Danny Thiemann (2009 TMS Fellow) Danny Thiemann is a migrant farmworker advocate in the Pacific Northwest. He is a 2008 recipient of Cairo, Egypt’s Madalyn Lamont Award for Literature from the American University in Cairo. In 2009, he served as an Arabic-English documentary film interpreter and interviewer for SeeChangeNow.org in Nablus, Palestine. From 2009-2010 he worked as a Modern Story Fellow in Hyderabad, India teaching film, photography, and writing. In 2011, he worked as a Milt Stewart Global Law Fellow in New Delhi, India, and as a Arthur C. Helton Grantee in Costa Rica where he helped develop a conflict resolution program for the Inter-American Development Bank. Most recently, he served as a 2012 Global Law Fellow with the AFL-CIO Solidarity Center in Mexico and, in 2014, was awarded New York City’s Table 4 Foundation Writer’s Grant. He is a contributor to Guernica, Insight on Conflict, Paper Tape Magazine, and the Matador Travel Network.
Vidya Putcha (2009 TMS Fellow) As a TMS fellow, Vidya had the wonderful opportunity to learn about Indian education firsthand while teaching and interacting with students in various schools in Andhra Pradesh. This experience had a major influence on her subsequent studies and work. Vidya is currently a consultant at the World Bank where she works on policy research on education systems in low and middle income countries. Being in a classroom with students and having the opportunity to engage with full-time teachers and administrators as a TMS fellow was an invaluable experience for her.
Kara Newhouse (2010 TMS Fellow) Kara Newhouse is a journalist, artist and educator with a B.A. in cultural anthropology from American University. After completing the 2010-11 TMS fellowship and launching the Communities Rising Partnership, she returned to Pennsylvania, where she’s been working for local newspapers. She currently combines her dual passions for media and education by reporting on preK-12 education in Lancaster, PA. She is a co-founder of Put People First! PA, an organization fighting for human rights in her home state. She also dreamed up and launched Faces of Mental Health Recovery, a participatory public art celebrating people in recovery from mental illness.

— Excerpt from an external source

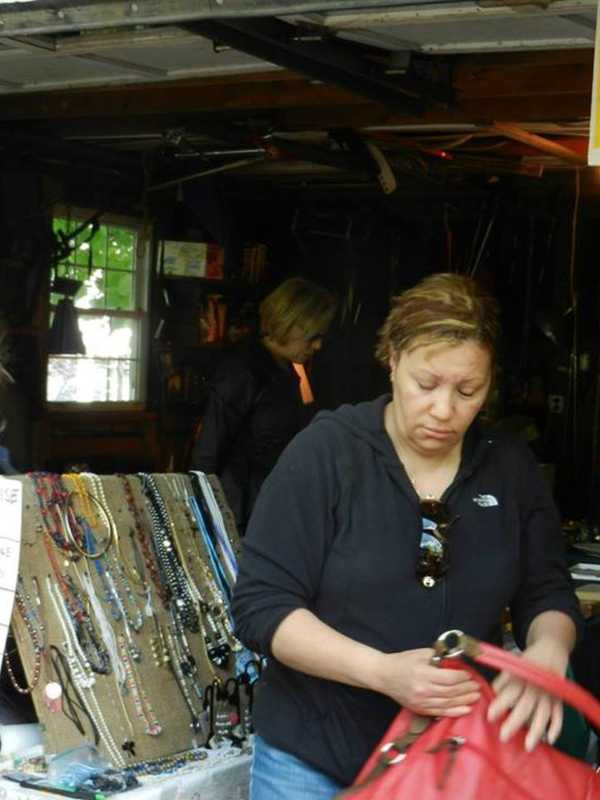 Pleasantville Tag Sale Benefits Hudson Chorale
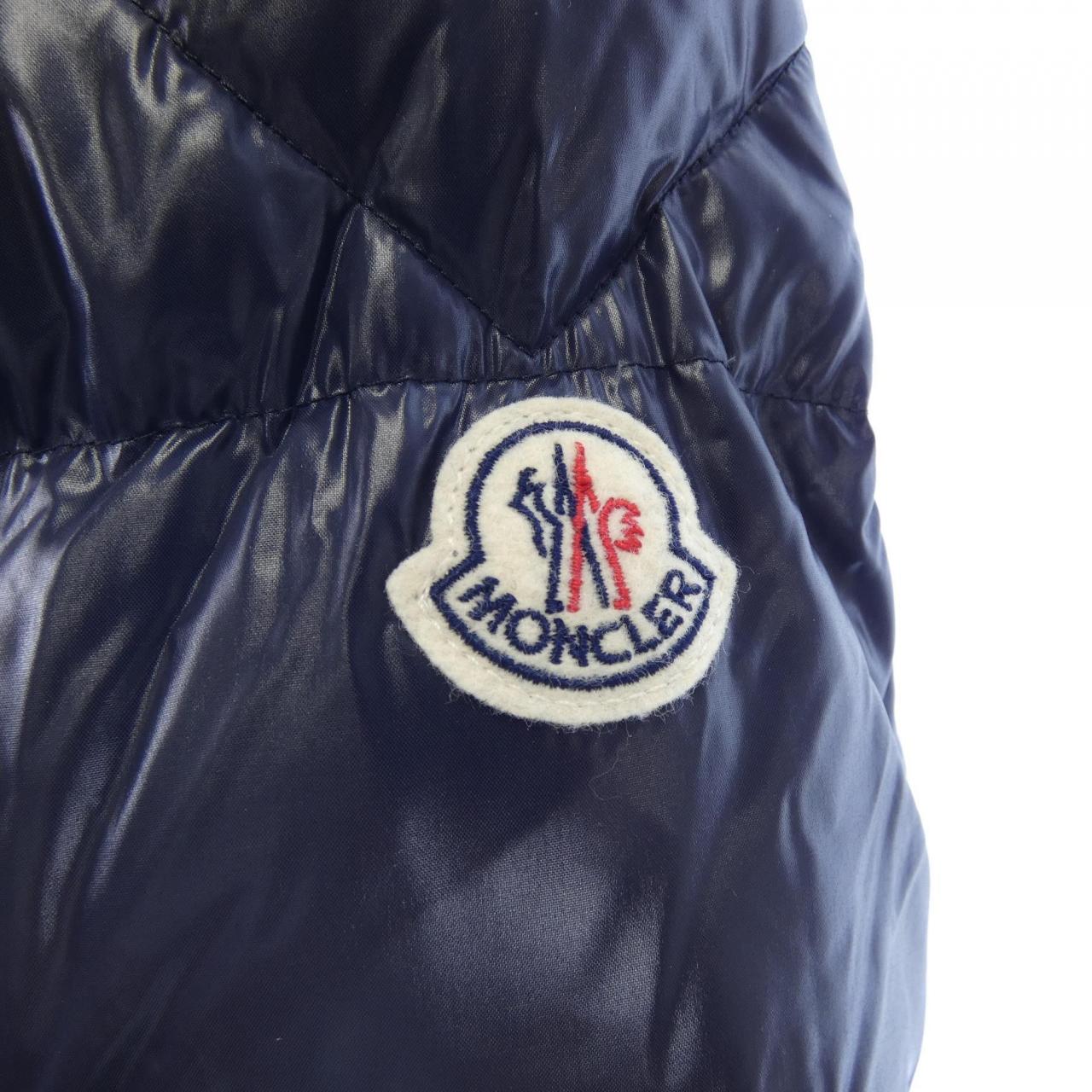 モンクレール MONCLER ダウンジャケット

Ilana Milner (2010 TMS Fellow) Ilana Millner is a multimedia storyteller from Washington Crossing, Pennsylvania. She is an alumna of the University of Pennsylvania, and holds a B.A. in English with a concentration in Creative Writing and a minor in Fine Arts. Ilana joined TMS soon after graduating from Penn. Following her time as a TMS Fellow, Ilana spent a year in Switzerland, working as a writer and editor for Urban-Think Tank and the Chair of Architecture and Urban Design at ETH Zürich. There, her research and editorial work focused on design and infrastructure in informal settlements around the world. Ilana is currently based in Mumbai as an American India Foundation William J. Clinton Fellow for Service in India where she works with Apnalaya—a holistic, rights-based community development organization located in Shivaji Nagar, Govandi. Back in India, she once again finds herself happily generating new opportunities to teach digital storytelling, and to continue crafting her own modern story one classroom at a time.
Samantha Love (2011 TMS Fellow) A native of Washington DC, Samantha grew up surrounded by the diversity of the Nation’s Capital. She studied English and Spanish at the University of Michigan, and decided to go into teaching through the Teach for America program at the end of her senior year. Since 2008 she has been teaching high school English in the New York metro-area. In 2010 she received her Masters of Education from the City University of New York and in 2011 she accepted The Modern Story teaching fellowship. Traveling to India to teach the program’s innovative social justice and digital storytelling curriculum transformed her pedagogy and proved to be a life-changing experience. She returned to the states in 2012 and has been back in the classroom teaching English at Newark Collegiate Academy, a KIPP high school in Newark, NJ. Sam now incorporates digital storytelling into her 11th grade English classroom, encouraging students to express themselves through diverse mediums such as photography, video and blogging. She recently achieved one of her greatest goals as an educator when she helped organize and chaperone a trip with the International Leadership Program for 15 NYC and Newark public high school students to travel to India for a three week service learning trip.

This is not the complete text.